Salah seorang teman *yang kebetulan ketua panitia langsung menyatakan ketidak
setujuannya pada gagasan saya dan mengatakan bahwa ia menginginkan Misa
yang benar-benar seperti Misa minggu biasa. Teman yang lain pun menambahkan bahwa
adanya drama atau mini games tersebut akan membuat konsentrasi dari teman-teman
yang mengikuti Misa akan terpecah. Selain itu dia juga mengatakan bahwa jika
kami membuat drama/mini games di tengah Misa, dikhawatirkan kami akan terbawa
oleh ajaran agama lain. Mendengar ungkapan dan ketidak setujuan dari
teman-teman OMK yang lain saya haya diam dan hanya berkata di dalam hati bahwa
gagasan yang saya sampaikan mungkin kurang tepat dan baik.
Selang beberapa
hari berlalu, saya akhirnya berkonsultasi dengan ibu saya mengenai masalah
tersebut. Ibu saya yang kebetulan adalah guru agama itu hanya menyampaikan
bahwa jika memang tujuannya untuk mempermudah kami dalam menyampaikan pesan
yang ada di Kitab Suci kepada teman-teman yang lain, tentu saja diperbolehkan.
Namun dengan catatan bahwa hal tersebut harus dikomunikasikan sebelumnya dengan
Romo sebagai pemimpin Misa.

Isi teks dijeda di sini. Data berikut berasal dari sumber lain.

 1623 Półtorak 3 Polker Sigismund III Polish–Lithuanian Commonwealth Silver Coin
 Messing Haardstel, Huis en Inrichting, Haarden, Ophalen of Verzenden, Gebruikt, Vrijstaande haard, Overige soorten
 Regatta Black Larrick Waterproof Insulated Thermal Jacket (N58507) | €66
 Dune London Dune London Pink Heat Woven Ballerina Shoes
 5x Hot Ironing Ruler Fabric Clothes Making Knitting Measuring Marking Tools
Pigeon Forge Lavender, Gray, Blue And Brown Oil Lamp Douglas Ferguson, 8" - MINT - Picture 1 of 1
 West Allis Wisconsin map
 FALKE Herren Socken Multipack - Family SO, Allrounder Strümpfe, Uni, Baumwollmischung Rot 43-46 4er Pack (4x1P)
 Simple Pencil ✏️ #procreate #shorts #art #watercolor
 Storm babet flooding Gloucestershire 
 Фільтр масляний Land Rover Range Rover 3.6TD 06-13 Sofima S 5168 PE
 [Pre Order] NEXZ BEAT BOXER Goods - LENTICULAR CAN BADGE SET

Hal tersebut tentu saja akan menjadi lebih baik
daripada kita melakukan sesuatu yang tidak jelas arahnya. Lebih lanjut, saya juga semakin menyadari
bahwa ajaran agama yang saya anut itu luwes dan bersifat terbuka pada hal-hal
yang dirasa baik *namun tetap harus sesuai dengan tatanan yang ada. Saya juga merasakan bahwa ajaran agama yang saya anut itu
tidak takut terbawa oleh ajaran agama yang lain, karena sifatnya yang unik dan
khas.
Dari permasalahan
tersebut saya hanya merasakan bahwa betapa sulitnya bagi kita untuk mengikuti
hati kita. Mengapa tidak? Dimanapun kita berada, kita pasti akan selalu menemukan orang yang tidak sepaham dengan kita karena kita memang diciptakan
unik dan berbeda. Sikap untuk mengikuti suara hati kita ini akan semakin sulit lagi apabila apa yang dikatakan
oleh hati kita itu terkesan “berbeda” dengan pendapat dan pola pikir
teman-teman yang sepemikiran, padahal apa yang berbeda itu belum tentu salah. Sikap
manusia yang terlalu cepat menyanggah *dibaca berpikiran tertutup terhadap
sesuatu yang dinilai berbeda pun juga akan semakin menyulitkan kita untuk dapat
menyuarakan dan mengikuti hati kita.
Namun kita tidak
perlu kawatir untuk tetap mengikuti suara hati kita, selama itu benar. Selain itu, kita pun
juga harus tetap menjaga suara hati kita dari pengaruh-pengaruh yang tidak baik
agar suara hati kita tetap murni dan benar.